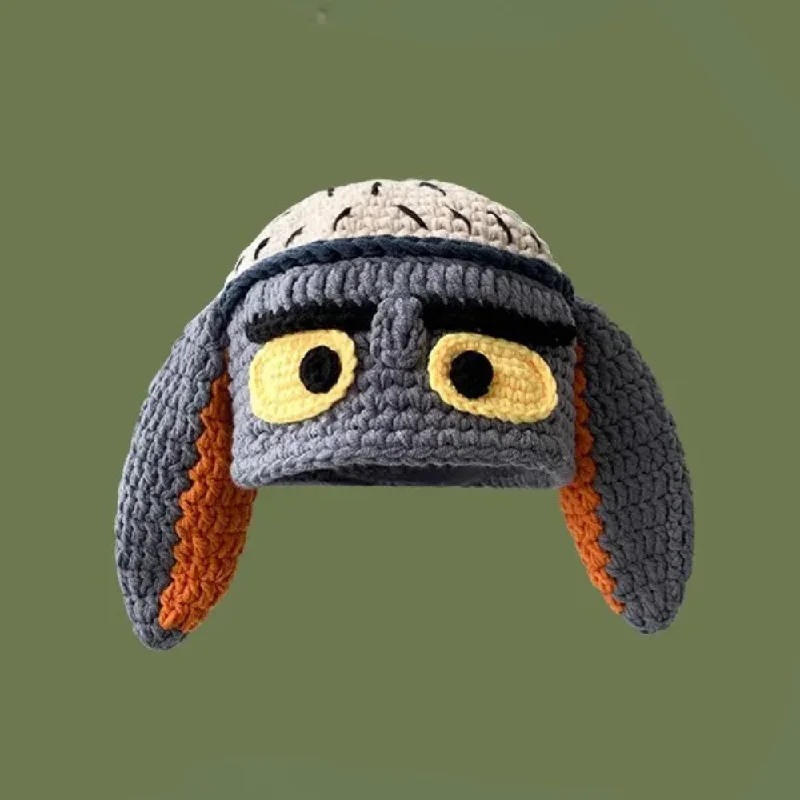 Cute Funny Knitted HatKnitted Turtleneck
=====
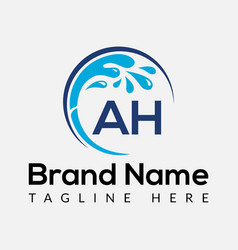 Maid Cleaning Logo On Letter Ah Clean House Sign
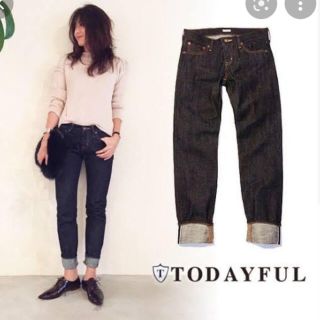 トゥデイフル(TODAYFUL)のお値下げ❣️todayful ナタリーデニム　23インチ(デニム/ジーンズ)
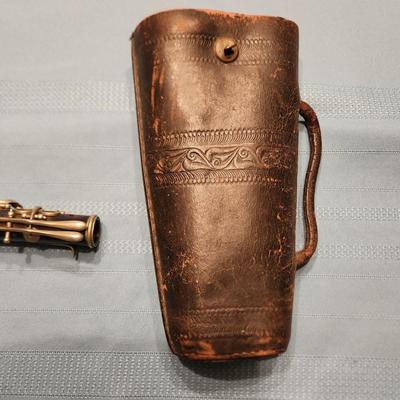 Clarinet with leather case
=====
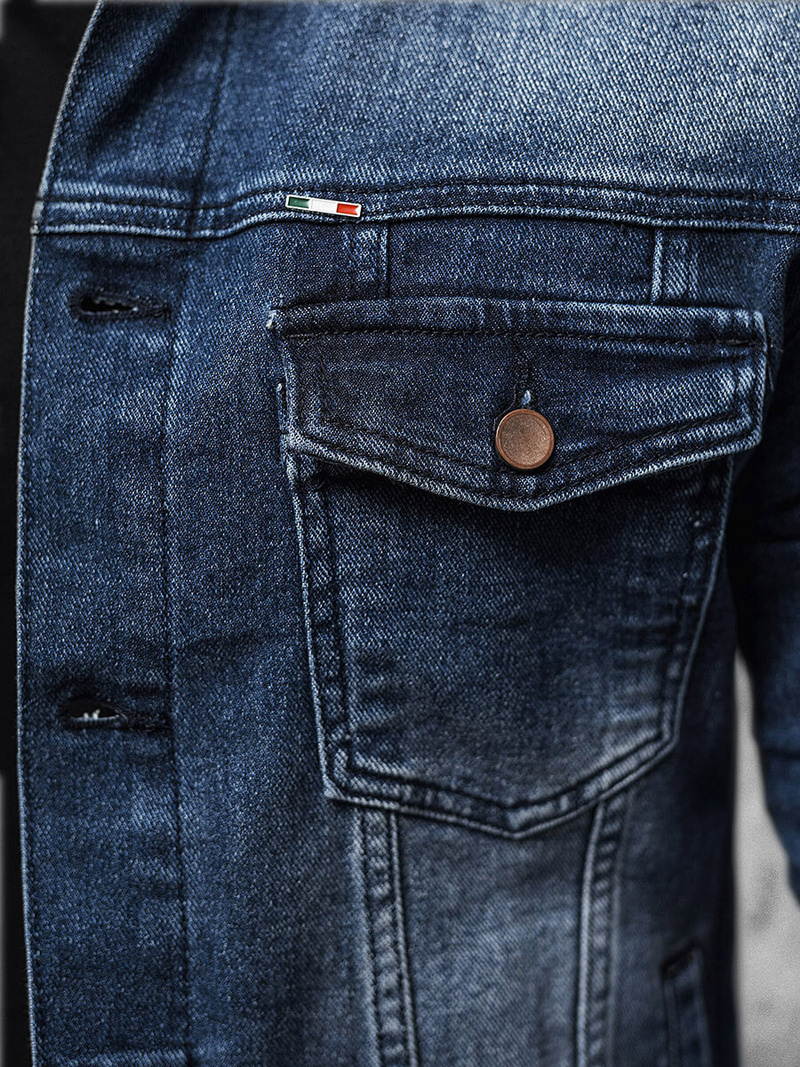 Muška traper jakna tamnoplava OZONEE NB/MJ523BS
=====
== Task ==
Could you write out exactly the lines of the data above that run from the one holding "トゥデイフル(TODAYFU" to the one holding "Clarinet with leather case", with both ends in and all pictures out?

== Solution to this problem ==
 トゥデイフル(TODAYFUL)のお値下げ❣️todayful ナタリーデニム　23インチ(デニム/ジーンズ)
 Clarinet with leather case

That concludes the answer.